Обсуждение: Read-ahead and parallelism in redo recovery
I remember Heikki mentioned improving redo recovery in one of the emails in the past, so I know people are already thinking about this. I have some ideas and just wanted to get comments here. ISTM that its important to keep the redo recovery time as small as possible in order to reduce the downtime in case of unplanned maintenence. One way to do this is to take checkpoints very aggressively to keep the amount of redo work small. But the current checkpoint logic writes all the dirty buffers to disk and hence generates lots of IO. That limits our ability to take very frequent checkpoints. The current redo-recovery is a single threaded, synchronous process. The XLOG is read sequentially, each log record is examined and replayed if required. This requires reading disk blocks in the shared buffers and applying changes to the buffer. The reading happens synchronously and that would usually make the redo process very slow. What I am thinking is if we can read ahead these blocks in the shared buffers and then apply redo changes to them, it can potentially improve things a lot. If there are multiple read requests, kernel (or controller ?) can probably schedule the reads more efficiently. One way to do this is to read ahead the XLOG and make asynchronous read requests for these blocks. But I am not sure if we support asynchronous reads yet. Another (and may be easier) way is to fork another process which can just read-ahead the XLOG and get the blocks in memory while other process does the normal redo recovery. One obvious downside of reading ahead would be that we may need to jump backward and forward in the XLOG file which is otherwise sequentially read. But that can be handled by using XLOG buffers for redo. Btw, isn't our redo recovery completely physical in nature ? I mean, can we replay redo logs related to a block independent of other blocks ? The reason I am asking because if thats the case, ISTM we can introduce parallelism in recovery by splitting and reordering the xlog records and then run multiple processes to do the redo recovery. Thanks, Pavan -- Pavan Deolasee EnterpriseDB http://www.enterprisedb.com
* Pavan Deolasee: > The current redo-recovery is a single threaded, synchronous process. > The XLOG is read sequentially, each log record is examined and > replayed if required.
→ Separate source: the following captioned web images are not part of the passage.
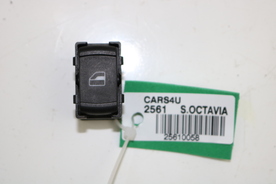  Бутон ел. стъкло  Skoda Octavia 1996-2010 5 врати 1U0959855A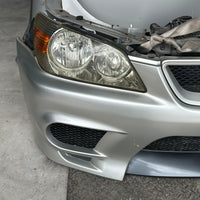 JDM Lexus IS300 Toyota Altezza 2001-2005 TRD Front End Conversion Bumper Headlights Fenders Hood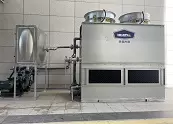冷却塔如何实现节能防污？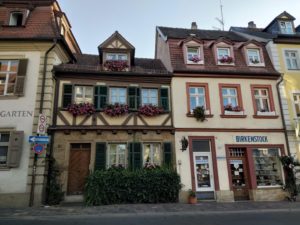 Bamberg houses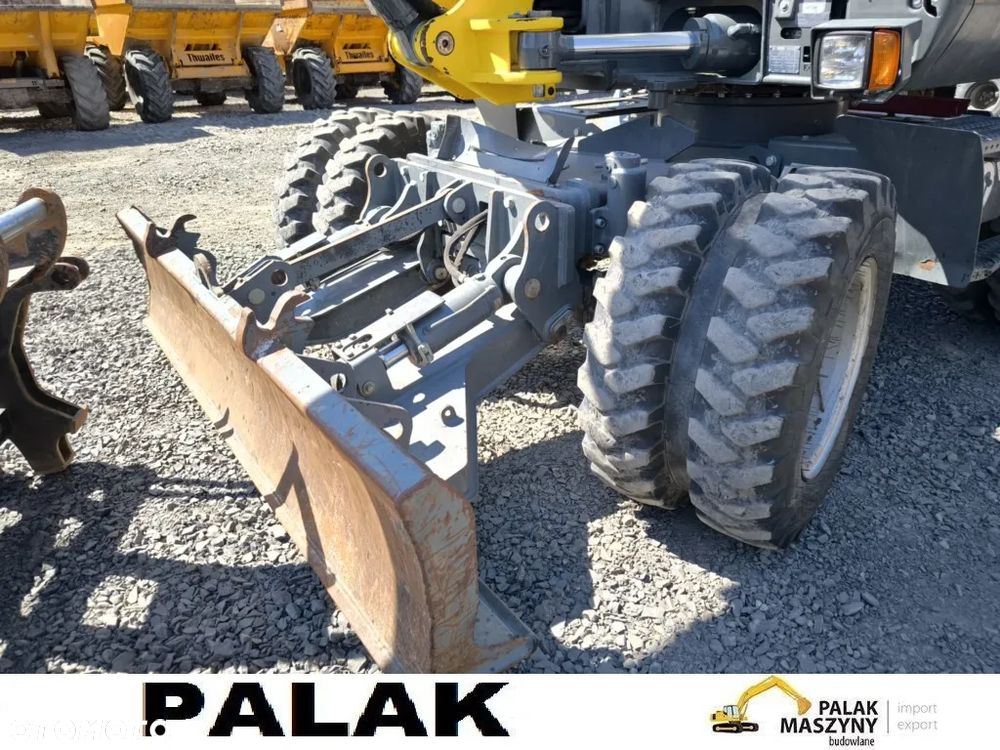 Wacker Neuson Koparka kołowa WACKER NEUSON EW 100 , 2020 rok - 10
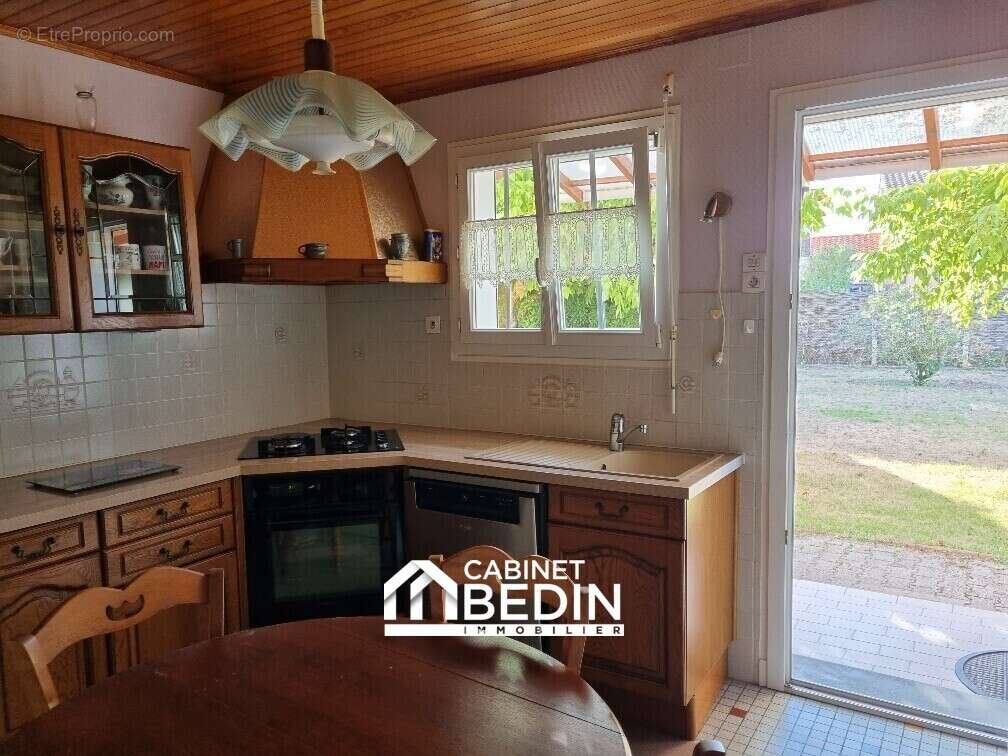 Maison à MIMIZAN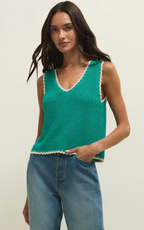 Yessenia Whipstitch Tank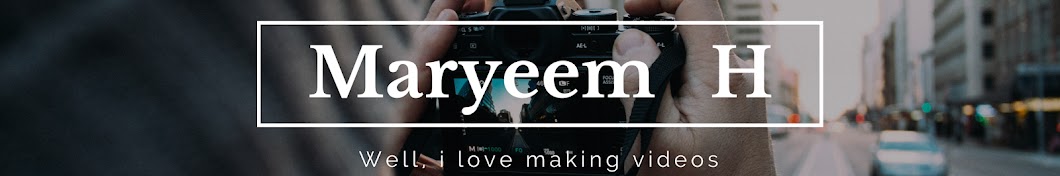 Maryeem H YouTube-Kanal-Avatar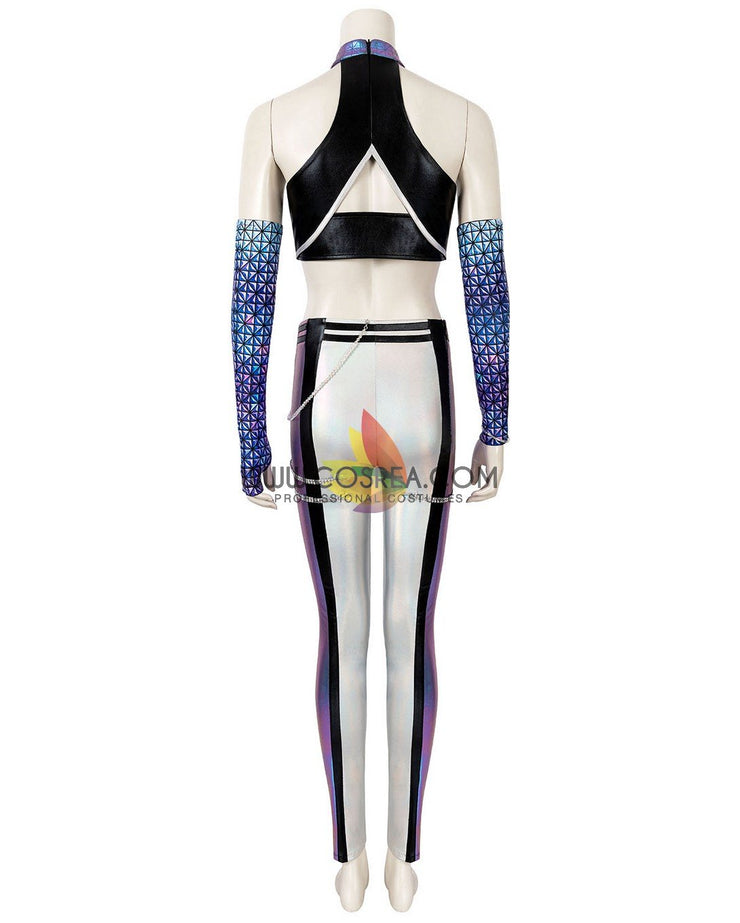 Cosrea Games League Of Legends All Out KDA Finals 2020 Kaisa Standard Size Only Cosplay Costume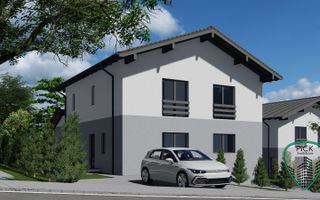 P 1120 - Casă cu 3 și 4 camere în jud. Mureș, Livezeni - Poză 3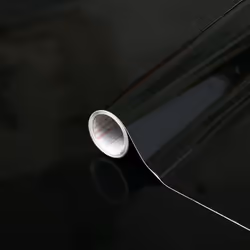 d-c-fix F3468348, Amovible, Noir, Brillant, Intérieure, 2000 mm, 675 mm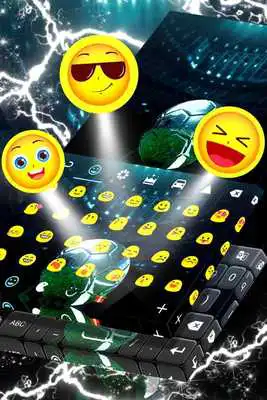Play Keyboard Football Themes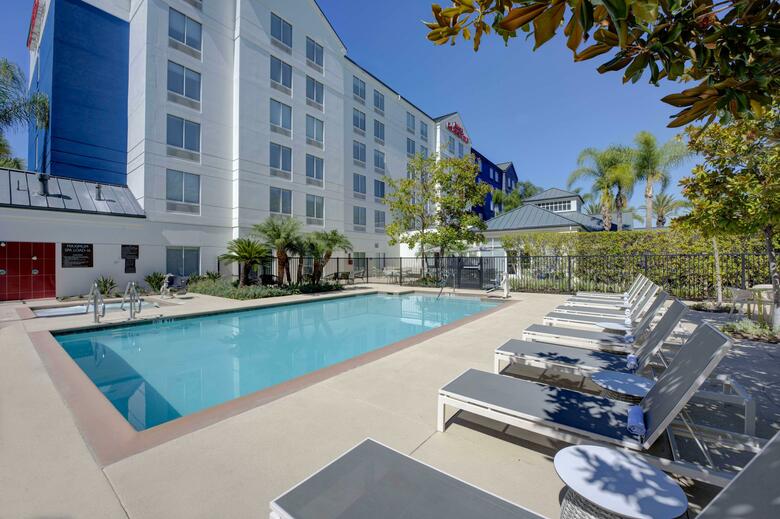 Hotel Hilton Garden Inn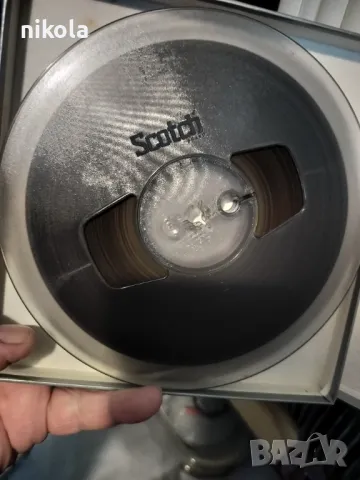 Ролков REVOX A77  четири пистов - 790лв- Договаряне, снимка 11 - Декове - 48625487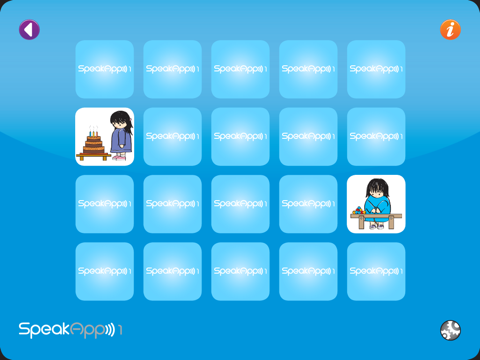Screenshot #6 pour SpeakApp 1
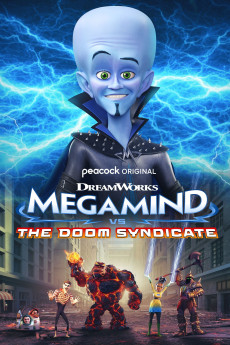 Megamind vs. The Doom Syndicate (2024) download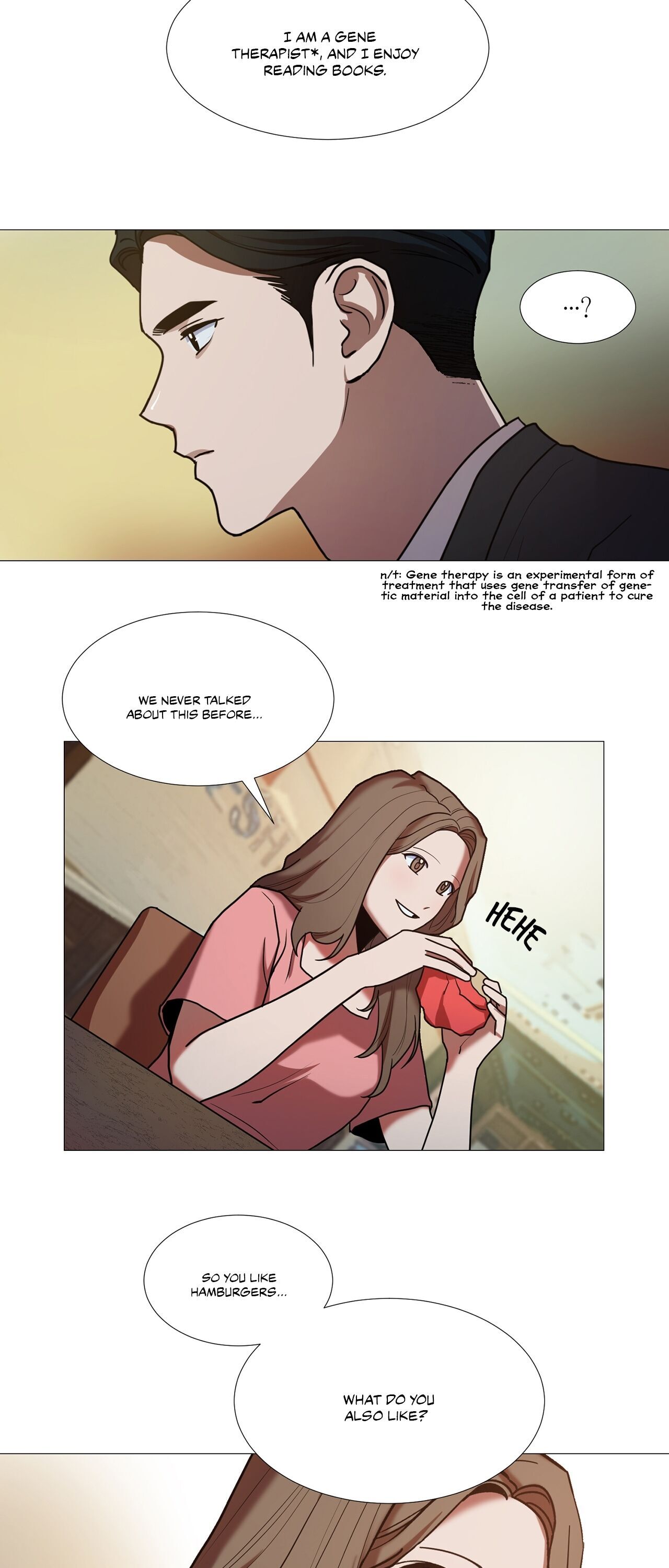 One More Time Chapter 14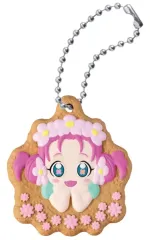 【中古】食玩 キーホルダー 12.はーちゃん 「プリキュア クッキーチャームコット2」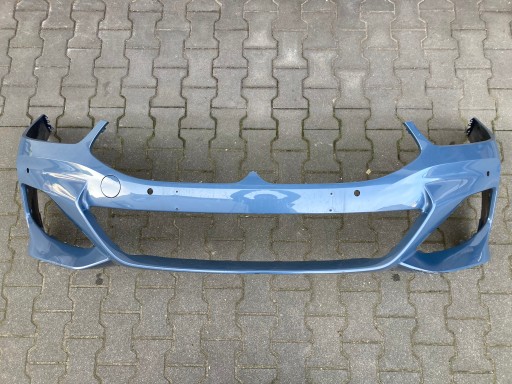 Передний бампер BMW 8 G14 G15 G16 M-Pack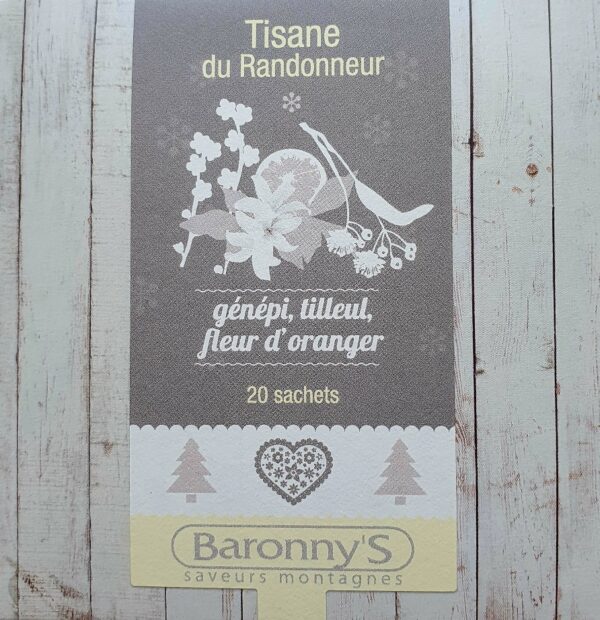 Tisane du randonneur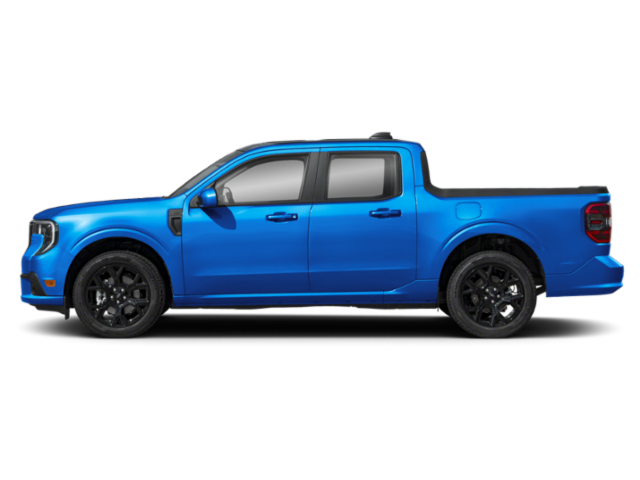 Used 2026 Carbonized Gray Metallic Ford Lobo Standard image 3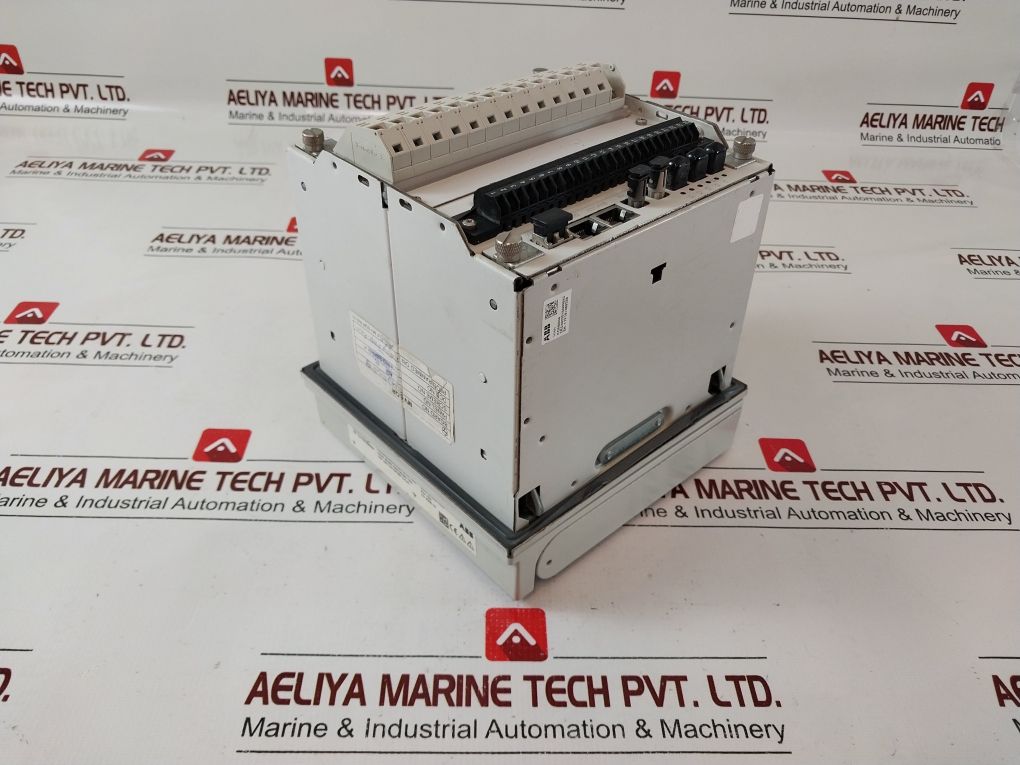 Abb Reu615 Voltage Protection & Control Relay Reu615E_D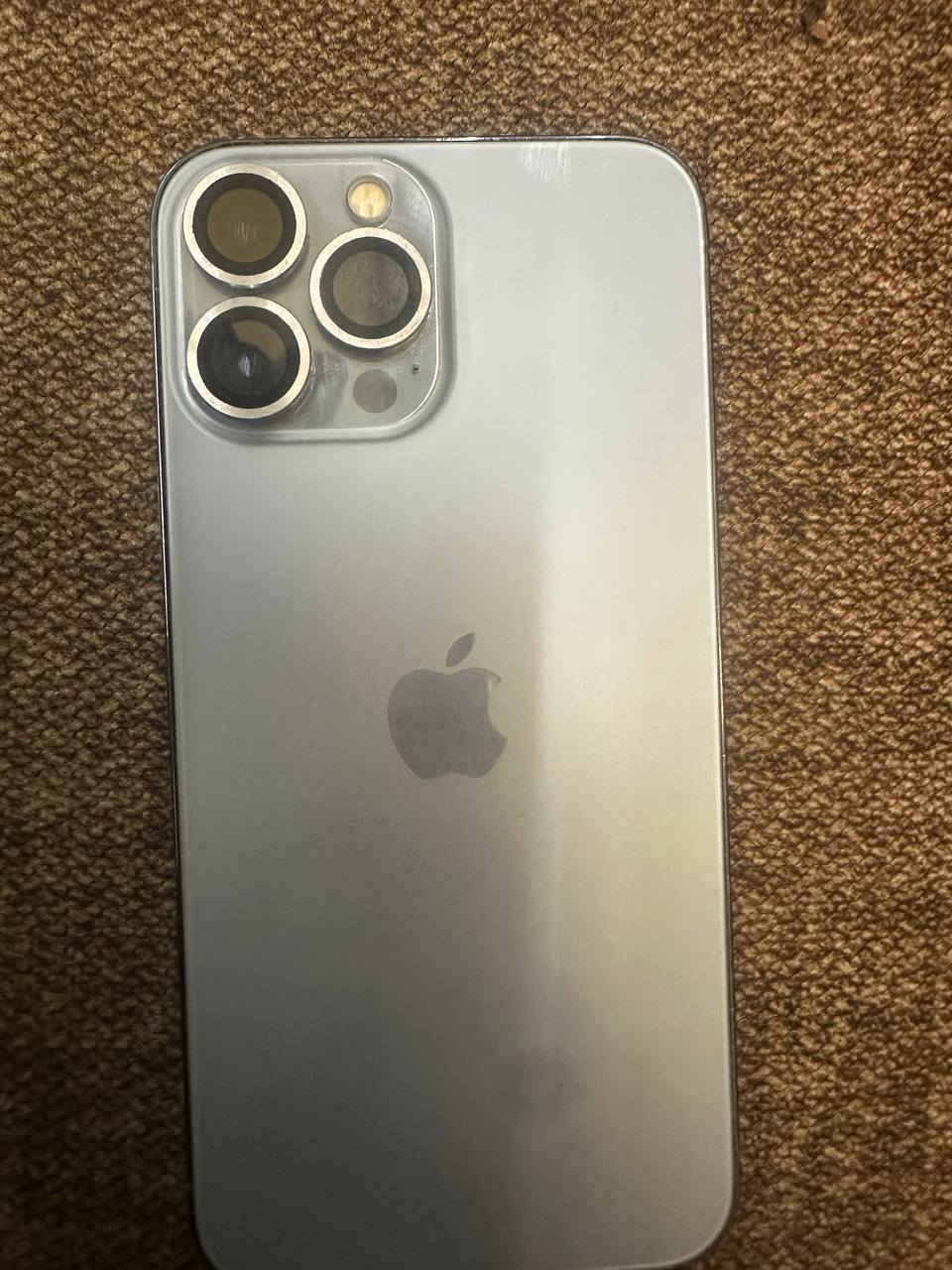 13 برو ماكس قفل 425 مبدل شاشه فقط 512 بطاريه76 امريكي


**إذا كنت صاحب هذا الإعلان وتريد حذفه لأي سبب، رجاءا أرسل رسالة إلى الدعم الفني**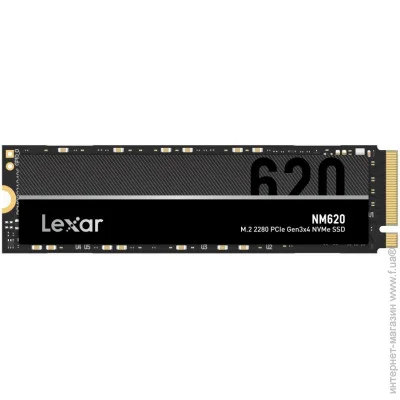 SSD Lexar NM620 1TB (LNM620X001T-RNNNG)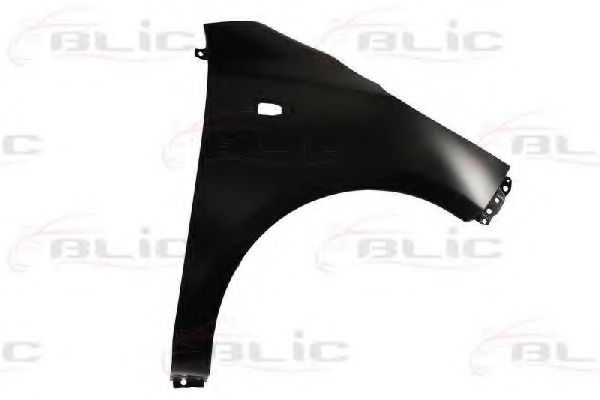 6504-04-3120312P BLIC Крило переднє для Hyundai i10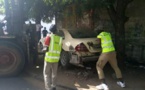 VIDEO - Les images du lancement du désencombrement des rues de Dakar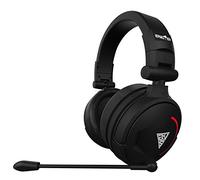 Gamdias ghs3501 3,5 mm stereofonico Pavillon auriculaire Noir Casque et écouteur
This requires reading disk blocks in the > shared buffers and applying changes to the buffer. The reading > happens synchronously and that would usually make the redo process > very slow. Are you sure that it's actually slow for that reason? Sequential I/O on the log is typically quite fast, and if the pages dirtied since the last checkpoint fit into the cache (shared buffers or OS cache), even that part of recovery does not result in lots of random I/O (with 8.3 and full page writes active; this is a relatively recent change). In the end, I wouldn't be surprised if for most loads, cache warming effects dominated recovery times, at least when the machine is not starved on RAM. -- Florian Weimer <fweimer@bfk.de> BFK edv-consulting GmbH http://www.bfk.de/ Kriegsstraße 100 tel: +49-721-96201-1 D-76133 Karlsruhe fax: +49-721-96201-99
Pavan Deolasee wrote: > What I am thinking is if we can read ahead these blocks in the shared > buffers and then apply redo changes to them, it can potentially > improve things a lot. If there are multiple read requests, kernel (or > controller ?) can probably schedule the reads more efficiently. The same holds true for index scans, though. Maybe we can find a solution that benefits both cases - something along the line of a bgreader process > Btw, isn't our redo recovery completely physical in nature ? I mean, > can we replay redo logs related to a block independent of other > blocks ? The reason I am asking because if thats the case, ISTM we > can introduce parallelism in recovery by splitting and reordering the > xlog records and then run multiple processes to do the redo > recovery. > I'd say its "physical" on the tuple level (We just log the new tuple on an update, not how to calculate it from the old one), but "logical" on the page level (We log the fact that a tuple was inserted on a page, but e.g. the physical location of the tuple on the page can come out differently upon replay). It's even "more logical" for indices, because we log page splits as multiple wal records, letting the recovery process deal with synthesizing upper-level updates should we crash in the middle of a page split. Additionally, we log full-page images as a safeguard against torn page writes. Those would need to be considered as a kind of "reorder barrier" in any parallel restore scenario, I guess. I know that Simon has some ideas about parallel restored, though I don't know how he wants to solve the dependency issues involved. Perhaps by not parallelizing withon one table or index...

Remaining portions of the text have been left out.